The code passes all tests there!
Unicode is fully supported also in mask ranges.
Let's continue the integration later.
Regards,
Juha
{
*
This file is part of LazUtils.
See the file COPYING.modifiedLGPL.txt, included in this distribution,
for details about the license.
*
Match text using wildcards and sets.
Current version is from José Mejuto.
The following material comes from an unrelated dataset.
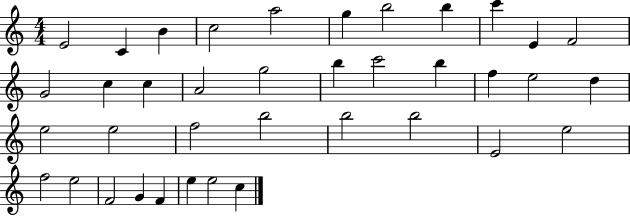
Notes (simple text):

E4/h C4/q B4/q C5/h A5/h G5/q B5/h B5/q C6/q E4/q F4/h G4/h C5/q C5/q A4/h G5/h B5/q C6/h B5/q F5/q E5/h D5/q E5/h E5/h F5/h B5/h B5/h B5/h E4/h E5/h F5/h E5/h F4/h G4/q F4/q E5/q E5/h C5/q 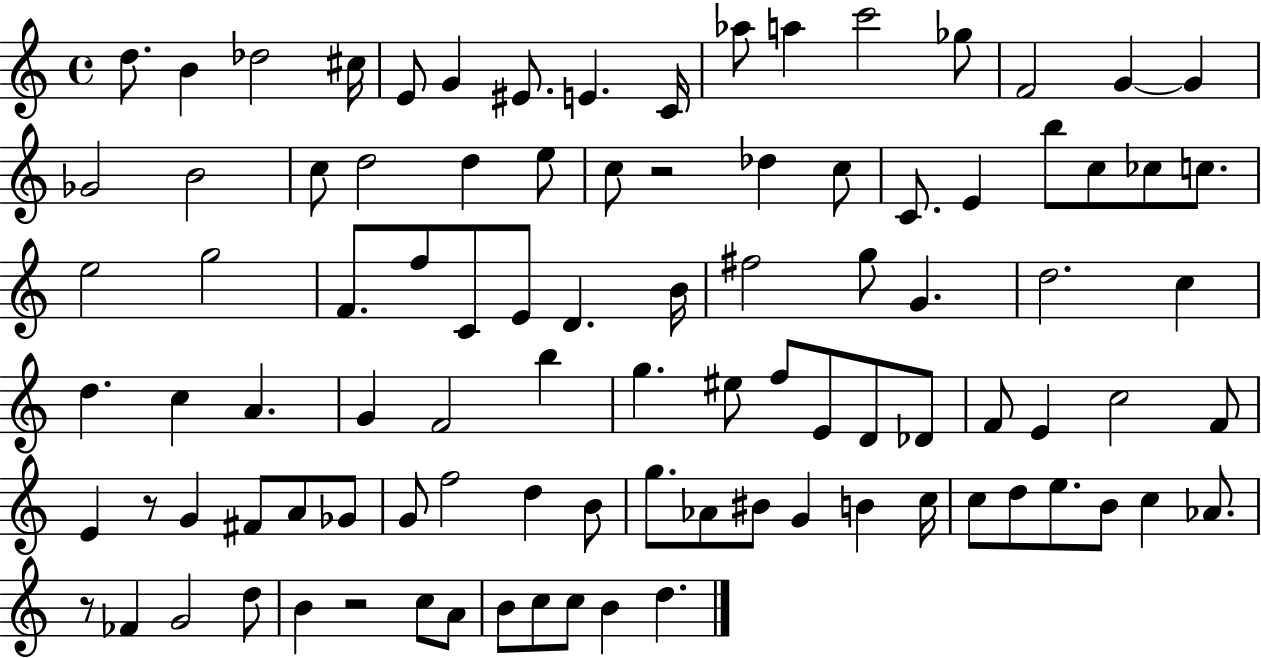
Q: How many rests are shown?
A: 4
When porting to LazUtils,
functions from LazUTF8 were used for full Unicode support.
}
unit Masks;
{$mode objfpc}{$H+}
// RANGES_AUTOREVERSE
// If reverse ranges if needed, so range "[z-a]" is interpreted as "[a-z]"
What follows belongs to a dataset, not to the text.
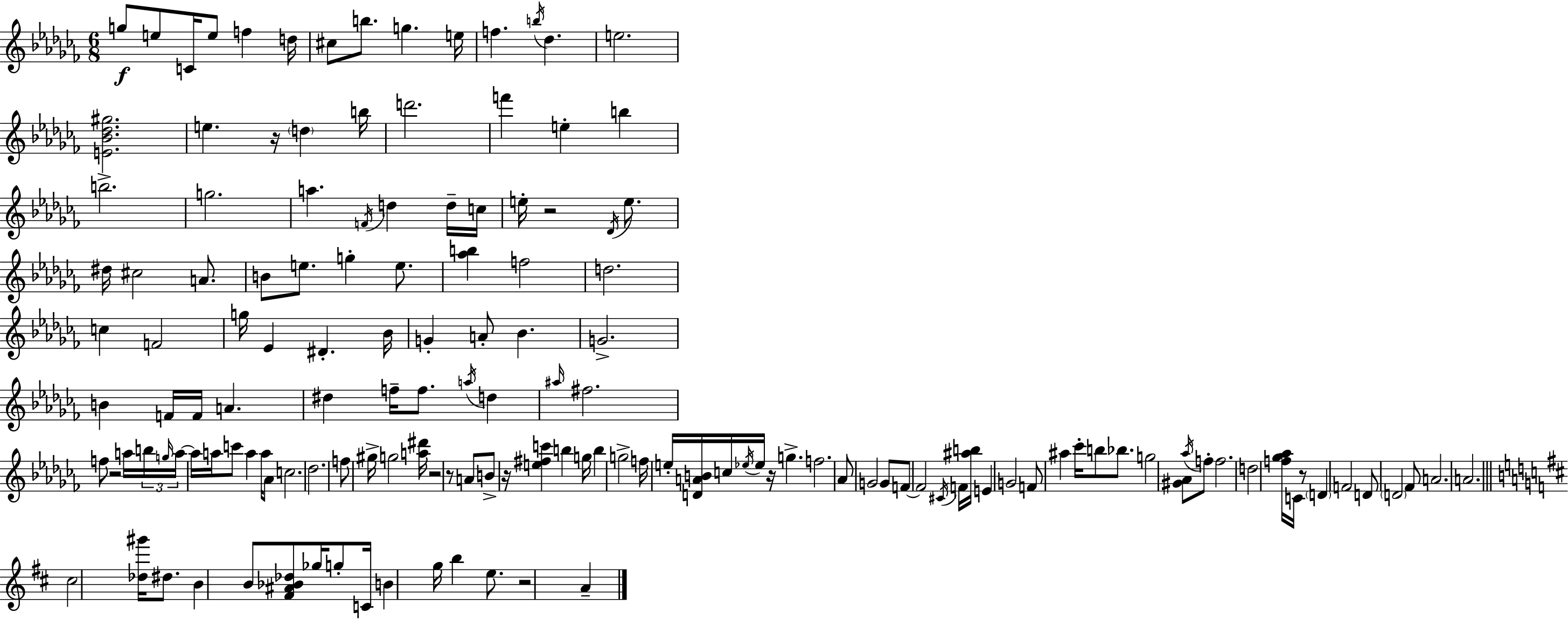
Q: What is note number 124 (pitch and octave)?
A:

{$DEFINE RANGES_AUTOREVERSE}
{$DEFINE USE_INLINE}
interface
uses
Classes, SysUtils, Contnrs, LazUtilsStrConsts, LazUTF8;
type
{ EMaskError }
EMaskError=class(EConvertError)
public
type
TMaskExceptionCode=(eMaskException_InternalError,
eMaskException_InvalidCharMask,
eMaskException_MissingClose,
eMaskException_IncompleteMask,
eMaskException_InvalidEscapeChar,
eMaskException_InvalidUTF8Sequence
);
protected
cCode: TMaskExceptionCode;
public
constructor Create(const msg: string; aCode: TMaskExceptionCode);
constructor CreateFmt(const msg: string; args: array of const; aCode: TMaskExceptionCode);
property Code: TMaskExceptionCode read cCode;
end;
{ TMaskBase }
TMaskBase = class
private
procedure SetMaskEscapeChar(AValue: Char);
protected
type
// Literal = It must match
// Range = Match any char in the range
// Negate = Negate match in a group
// AnyChar = It matches any char, but one must match
// AnyCharOrNone = Matches one or none char (only in a group)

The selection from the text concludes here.